Dynamic Product Development – Ansatz III zur Gestaltung von Innovationsprozessen
Während Methoden wie Simultaneous Engineering, Concurrent Engineering oder Front Loading vorwiegend bei Produktverbesserungen eingesetzt werden, eignet sich der Dynamic Product Development Prozess vor allem für radikale Innovationen. Anders als die klassische Sichtweise, eine möglichst genaue Planung vor den ersten Entwicklungsschritten zu machen, ist die Planung in sehr kurzen Zeitabständen zu machen. Ottosson beschreibt dies wie folgt:
“Perhaps a shocking statement is that meaningful planning can only be done in very short periods of time, down to minutes in the early stages of product development when new ideas and findings can suddenly totally change the whole planning situation.”
Dynamic Product Development (DPD) basiert auf einem ganzheitlichen Ansatz. Der Prozess startet mit einem Wunsch und nicht mit einem Bedarf, wie andere Ansätze zur Gestaltung von Innovationsprozessen. Dieser Wunsch stellt eine zukünftige Situation bzw. Lösung dar.

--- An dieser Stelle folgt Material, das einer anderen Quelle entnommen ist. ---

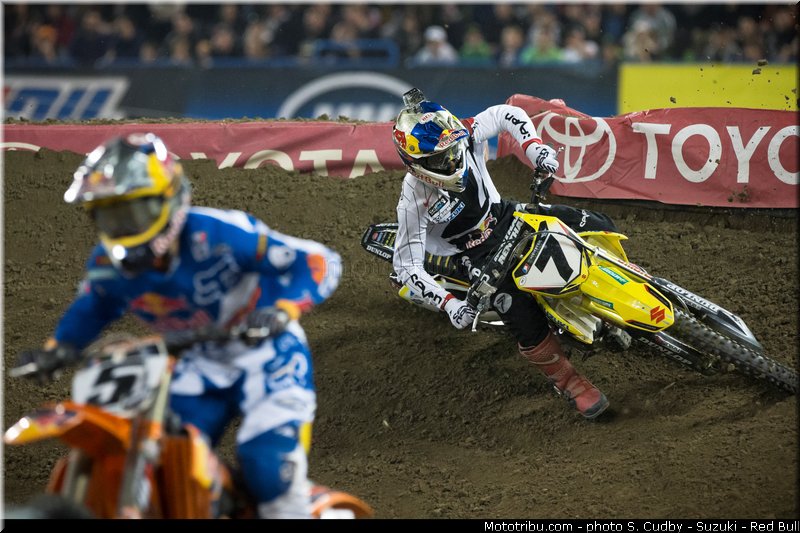 dungey_021_supercross_2013_toronto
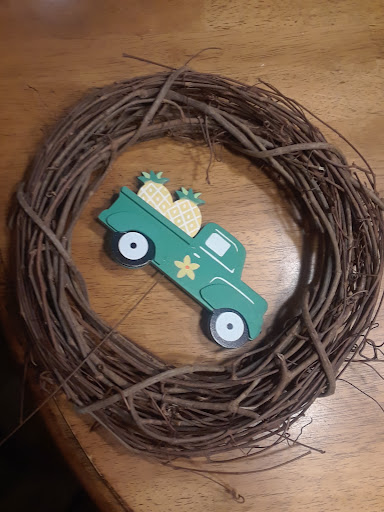 Craft Store «Michaels», reviews and photos, 2600 McFarland Blvd E, Tuscaloosa, AL 35405, USA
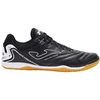 Image de Joma Chaussures De Futsal Maxima In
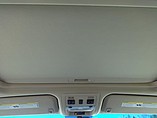 2008 Chevrolet Tahoe Photo #9
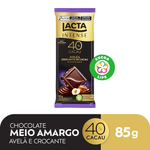 Chocolate-Lacta-Intense-Meio-Amargo-40--cacau-Avela-e-Crocante-de-Cacau-85g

Viele herkömmliche Ansätze von Entwicklungsprozessen starten mit Anforderungen und Bedürfnissen vom Markt. Bestehende Lösungen werden verglichen und bewertet. Erkenntnisse daraus fließen in die Modifikation der Idee mit ein, bevor ein kreativer Prozess gestartet wird. Dies hat jedoch zur Folge, dass häufig nur einzelne Details verbessert werden, völlig neue, radikale Innovationen aber nur sehr selten entstehen. Ist hingegen ein definierter und visualisierter Wunsch über zukünftige Zielvorstellungen und Lösungen Startpunkt der Entwicklung und wird basierend darauf ein kreativer Prozess gestartet, sind die Rahmenbedingungen für eine einzigartige, neue Lösung geschaffen.
Anmerkung: Ein ähnlicher Zugang bzw. eine ähnliche Vorgehensweise wurde hier auf diesem Blog bereits einmal dargestellt. Dies geschah im Rahmen der „Blue Ocean Strategy“!

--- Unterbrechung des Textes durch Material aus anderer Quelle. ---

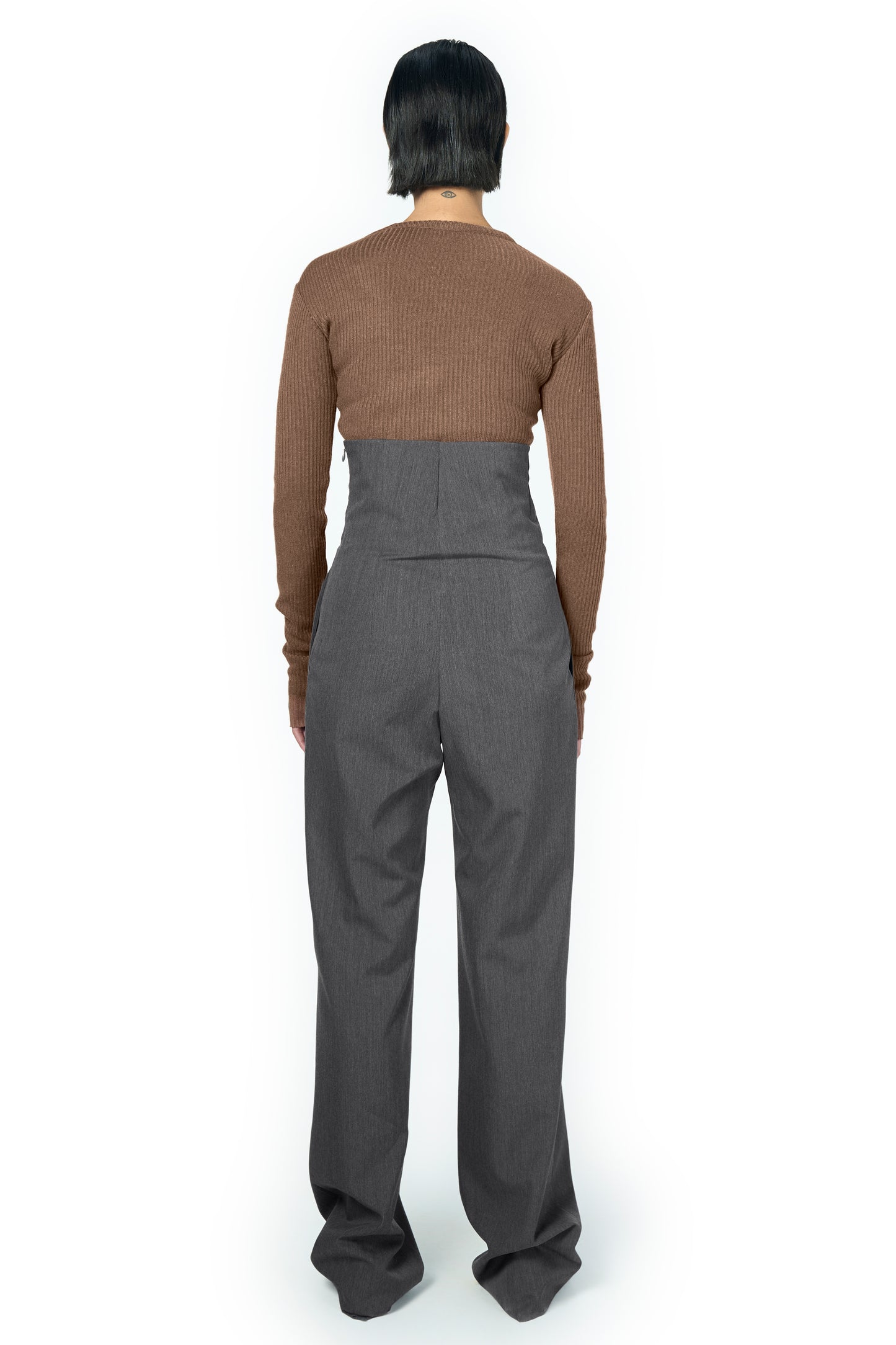 EVA TROUSERS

Folgende Auflistung soll einen Überblick über die wesentlichen Rahmenbedingungen und Inhalte des Dynamic Product Development geben:[1]
- Eine klare Vision des erwarteten Resultats muss kommuniziert und von jedem am Produktentwicklungsprozess beteiligten Mitarbeiter verstanden werden
- Ein Konzept ist von einer eigens dafür vorgesehenen Gruppe zu erstellen - der Projektleiter ist auch in der Konzeptgruppe
- Zwischen dem Team der Produktentwicklung und der Konzeptgruppe ist ein ständiger Austausch von Informationen erforderlich
- Um auf Veränderungen und neue Möglichkeiten reagieren zu können, muss das Konzept im Zuge der Produktentwicklung kontinuierlich angepasst werden
- Die Entwicklung erfolgt in Projektteams, welche sich bei Bedarf ebenso dynamisch ändern
- Die Einbeziehung des Kunden in den Entwicklungsprozess ist entscheidend für Dynamic Product Development
- Das Pareto Prinzip (80/20- Regel) soll schrittweise bei allen Aktivitäten
adaptiert werden
- Informationsaustausch hat schnell, unlimitiert und in regelmäßigen Abständen zu erfolgen
Dynamic Product Development zeigt vor allem in den frühen Phasen des Entwicklungsprozesses klare Vorteile, setzt jedoch erfahrene Teammitglieder voraus. Erst in einer späteren Phase, wenn Detailarbeit zu leisten ist, ist der Einsatz wenig erfahrener Mitarbeiter anzuraten.
[1] Vgl. zur vollständigen Auflistung der Rahmenbedingungen und Inhalte sowie einer ausführlichen Beschreibung des Dynamic Product Development Ottosson 2002, S. 209f.
Parallelisierung: Ansatz II zur Gestaltung von Innovationsprozessen
Im Zuge der Produktentwicklung ist die Reduzierung der Entwicklungsdauer und -kosten oft wichtige Zielsetzung. Weiters sollten durch eine möglichst frühe Abstimmung verschiedener am Entwicklungsprozess beteiligter Bereiche aufwändige Änderungen vermieden und die Produktqualität in umfassendem Sinn verbessert werden. Im Entwicklungsprozess ist deshalb die simultane Entwicklung von Produkt-, Produktions- und Marketingentwicklung zu berücksichtigen.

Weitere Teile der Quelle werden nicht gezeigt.